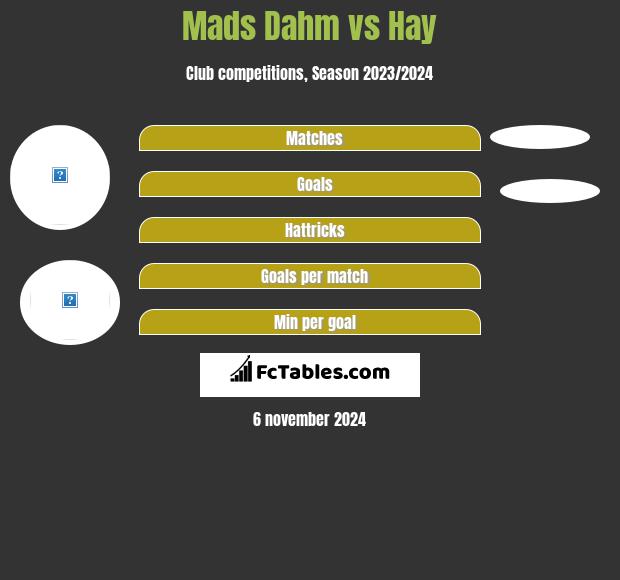 Mads Dahm vs Hay h2h player stats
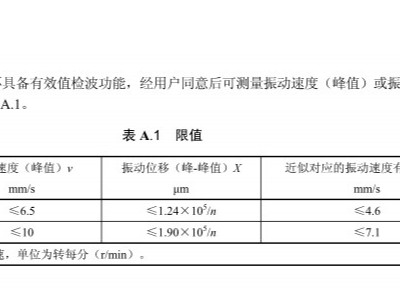 高温风机振动值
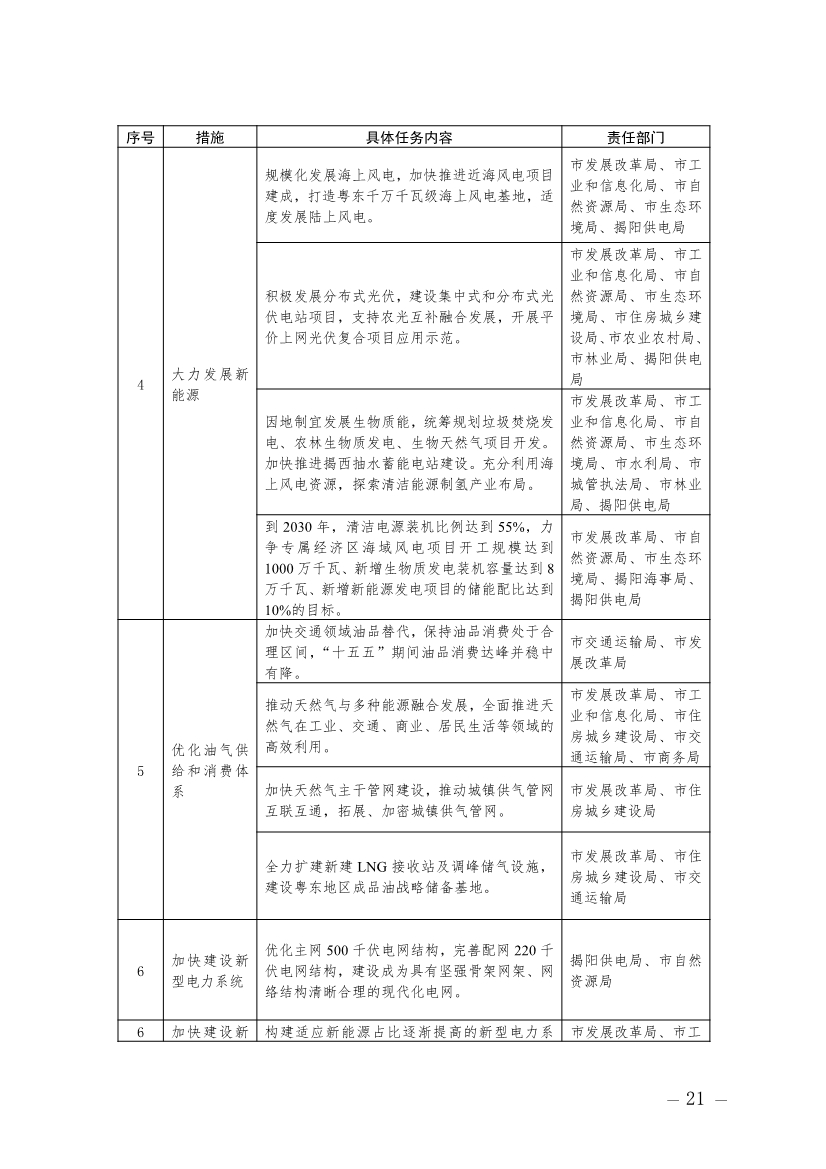 广东揭阳市碳达峰实施方案：加快培育和发展节能环保产业、清洁生产产业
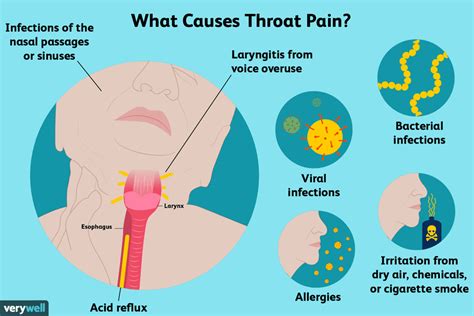 Psychological Factors That May Contribute to Experiencing Discomfort in the Throat during Dreams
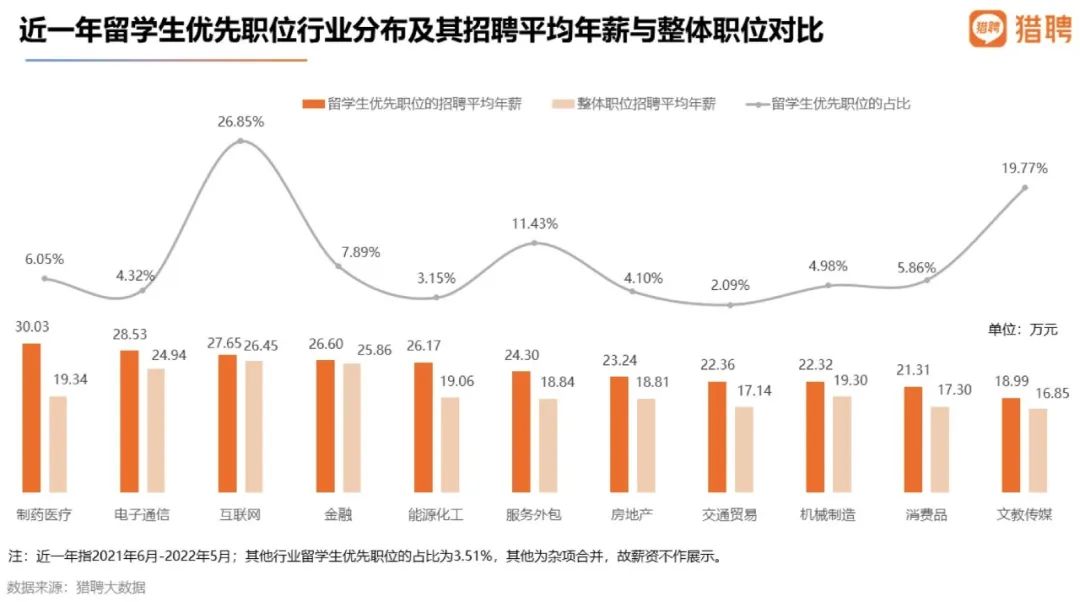 留学生扎堆回国：期望平均年薪比国内应届生高9万之多！  数据 费用 毕业季 就业 第12张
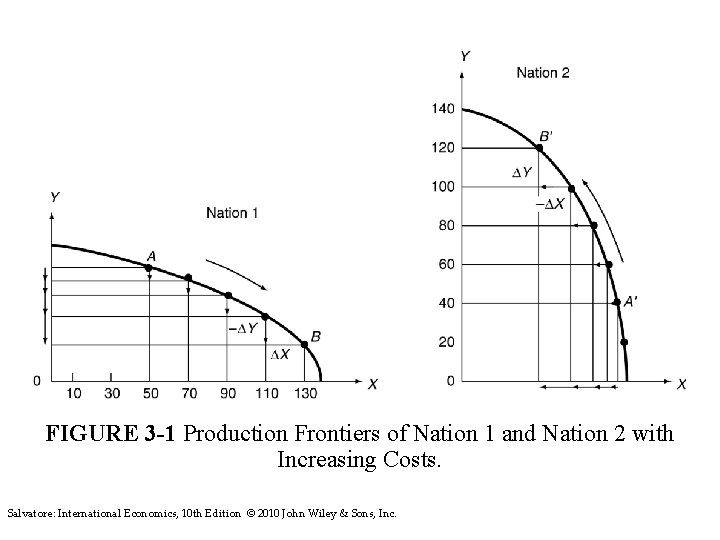 FIGURE 3 -1 Production Frontiers of Nation 1 and Nation 2 with Increasing Costs.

--------------------

• EXERCISE PROMPT: With the pictures left out, copy exactly the lines from the one containing "Psychological Factors That" through the last line of the data.

• SOLVED EXERCISE:
 Psychological Factors That May Contribute to Experiencing Discomfort in the Throat during Dreams
 留学生扎堆回国：期望平均年薪比国内应届生高9万之多！  数据 费用 毕业季 就业 第12张
 FIGURE 3 -1 Production Frontiers of Nation 1 and Nation 2 with Increasing Costs.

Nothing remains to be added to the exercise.